Opener “5 Dollars” is an ode to a small-towner slouching toward morbidity, and then cuts into “Falling,” slightly sweetened by electronic clips, cushioning the blow. “All I can do is hurt you,” she surmises—”you,” and much of herself. “I’m Fine . . . Bye Bye” feels for the ethereal, thanks to multitracking and psychedelic electro washes, but with nods to bruises and waking up lonely, never reaches beyond her arm span. Ghetto’s emotion on record and reserve in person seem to say one thing: Leave the singer to the song.
“I really didn’t want to be in a band,” Ghetto explains of the period spent recording Puking and Crying. She’d recently left Carissa’s Wierd, the mope-rock sextet incurring cultlike status in and out of town, and she’d spent several months writing and four-tracking. “I wanted to just make it and put it out, didn’t want to do anything with it or play shows; but logistically, being on a label, you end up doing that kind of stuff—and sometimes I just have a hard time saying no.”

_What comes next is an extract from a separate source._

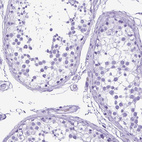 Anti-SYT1 Antibody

Ghetto left Seattle for California and her hometown of Tucson in June 2005, citing “emotional problems,” the specificity of which she doesn’t disclose. Having returned early this year, she’s currently finishing demos for a third S record with collaborator Josh Wackerly (also of Panda and Angel), to be released by Suicide Squeeze in early 2007. The new record is, she offers quietly, “a lot about dealing with change, leaving friends, trying to get them back.” She calls it upbeat, but clarifies that it ain’t power-pop. “It’s not a happy record. Puking and Crying was really despairing, and [the new record] doesn’t go that far.”
Still, the new material is a joyful octave above Carissa’s slowcore slow dance, and is a sign that she’s in brighter spirits—perhaps owing to being back in Seattle, something she describes as “[initially] kind of a shock.” Maybe it was magical.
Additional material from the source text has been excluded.